The only visits Suubi had ever made to hospital were the birth of her two children then aged four and fourteen years. She arrived there during labour and was discharged soon after the birth of her babies. This illness made hospital a reality, nurses with high blood pressure equipment and taking her temperature every half hour; breakfast being delivered promptly at 8 a.m. on a trolley and then these doctors who made all the decisions about her life. The whole aspect of her life in the possible death statistics then mattered.
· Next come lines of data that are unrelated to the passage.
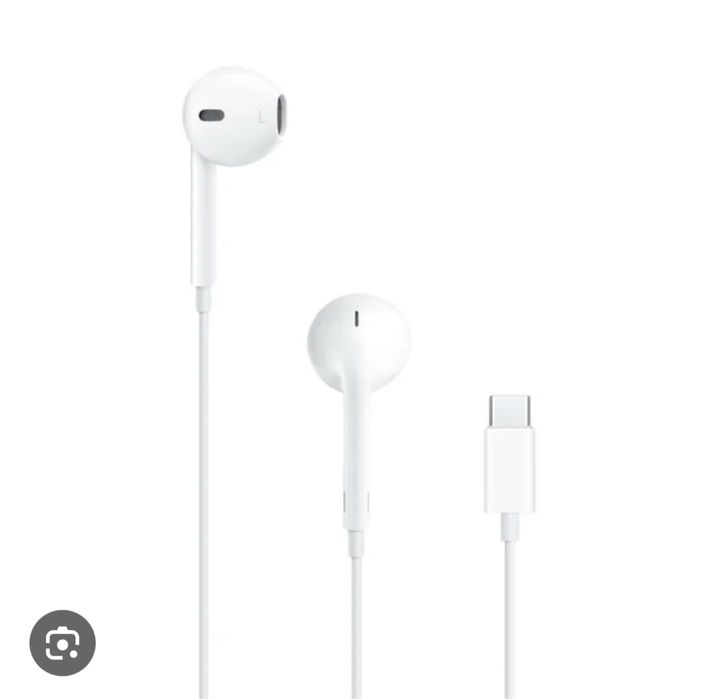 Наушники type c оригинал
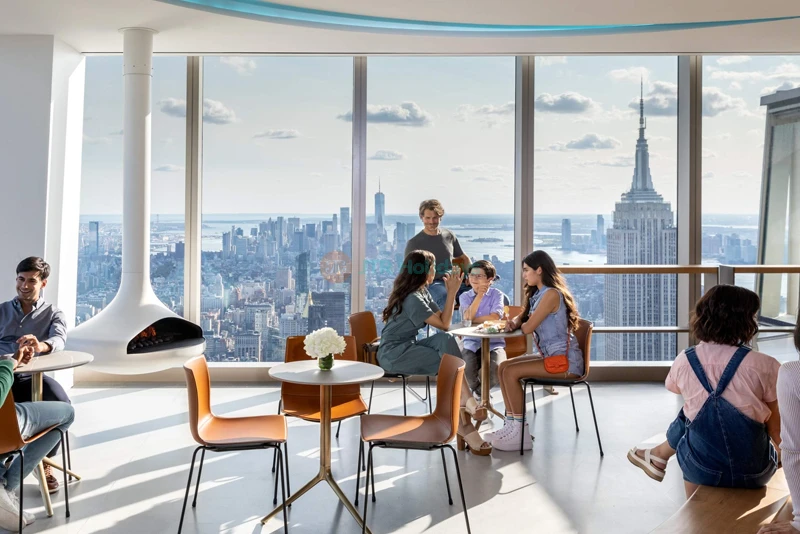 SUMMIT One Vanderbilt - Immersive NYC Observation Deck with Stunning Views - JTR Holidays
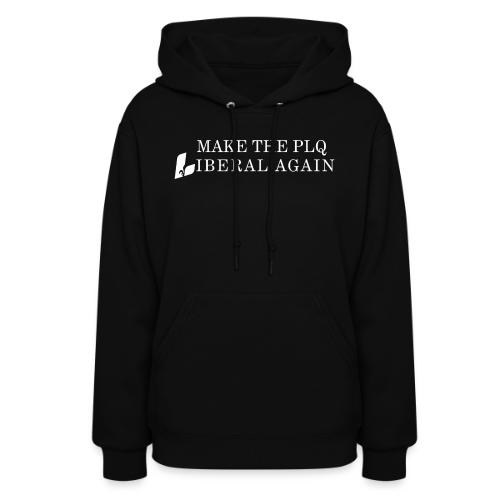 The Dustroad MTPLA - Women's Hoodie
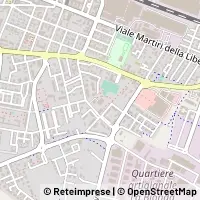 Kort Fidenza
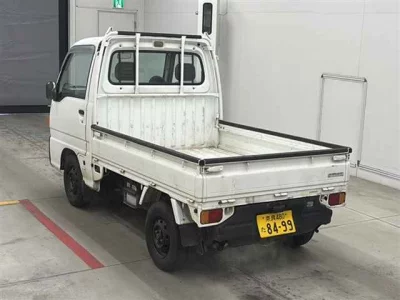 Subaru SAMBAR  с аукциона в Японии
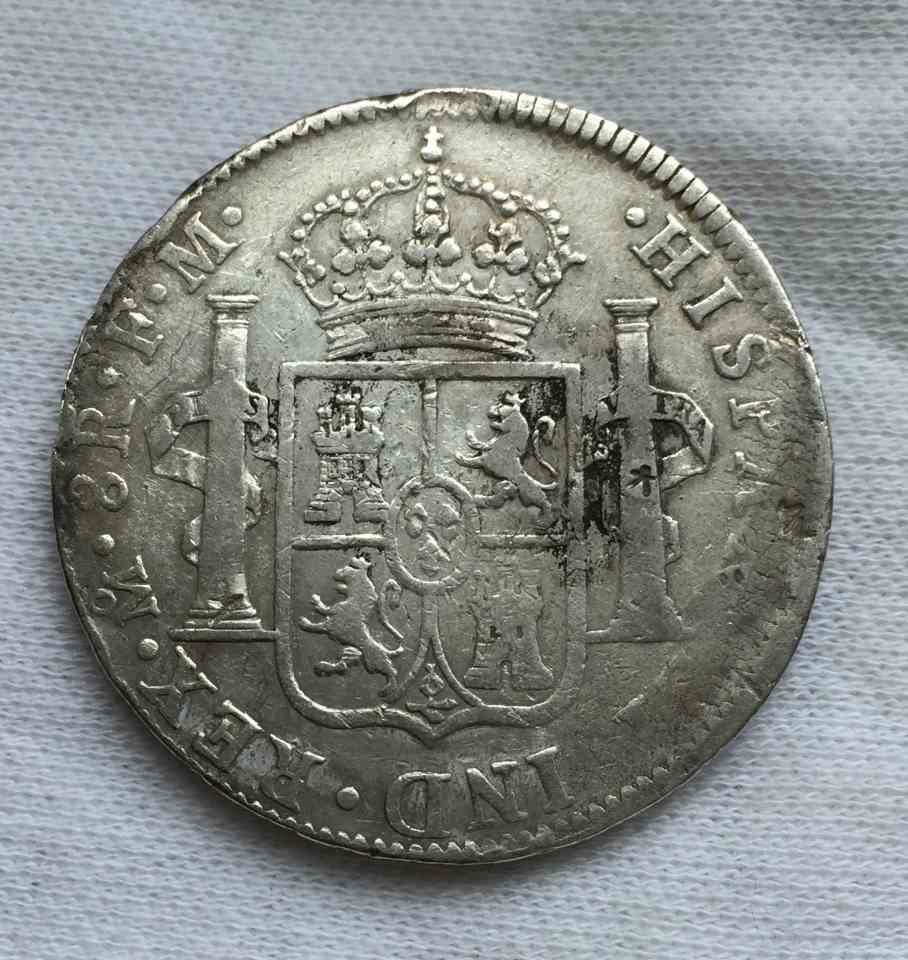 Help-With-8-Reales-And-A-Peso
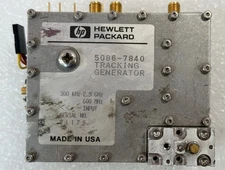 HP Agilent 5086-7840 Tracking Generator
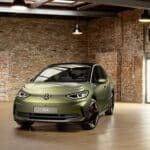 Volkswagen présente la nouvelle ID. 3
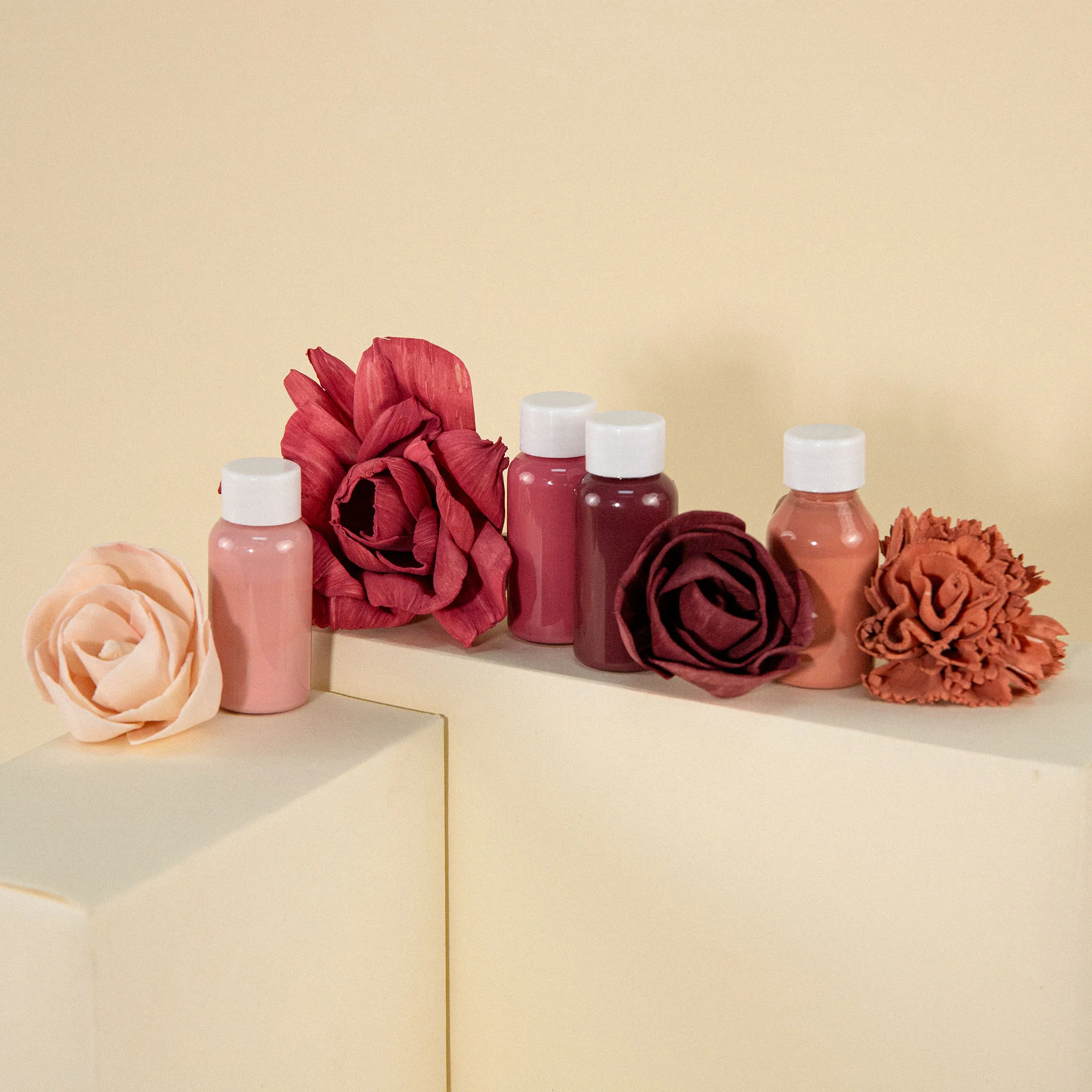 Dye Pack Combo - Rose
The Consultant’s face said it all, he had a solemn look and his eyes were focused on her intently.It didn’t look like it was good news from the tests done two days ago. He said calmly “we have found cancer in your lymph nodes”. The words felt like a bee sting in her face. Her head started spinning as the walls of the newly built hospital looked like they were about to crush. She lay there silent and helpless feeling her world collapsing. This was the last thing on her mind.”I have cancer?” she asked, tears rolling down her cheeks. The doctors patiently looked on as she took in the news.
Through the wet face she visualized her children, their innocent faces smiling for comfort. What they would do without her? How much time did she have left with them? Her daughter, older one as the girl would take care of her brother, and take over her mother role when she was no more.
It suddenly dawned on Suubi that she was an immigrant, with no family in the UK. She had to think ahead, to plan for the children if the worst were to happen. She came as a student from Uganda about 10 years ago. She had met and married a handsome young man from the Ivory Coast. Her husband then died in a tragic accident about 3 years ago. Although both of them had a network of supportive friends from Uganda and the Ivory Coast, none of them were family.
Sending her children back to Uganda to be raised by her extended family did not seem an option. Her elderly mother simply didn’t have the resources or energy to look after children born and brought up in the West. Her marriage was UK based and she didn’t know enough about the Ivory Coast to consider the husband’s family. Then there was a question of identity. Her friends in the UK may be willing to assist but where does her loyalty lie? With her friends, in the Ugandan community? Or, do the children’s identity and family routes take priority, as there are from the Ivory Coast? Tough decisions.
Immersed in these thoughts, with no immediate or clear answers, as if from afar, she heard the doctor faintly saying, “It is a treatable type of cancer. No one can predict how you will cope with the chemotherapy. If you survive treatment, your chances for beating it are high”.
The doctor’s words provided the much needed hope, she had to hold on to this positivity tight, just like her name said SUUBI (Hope).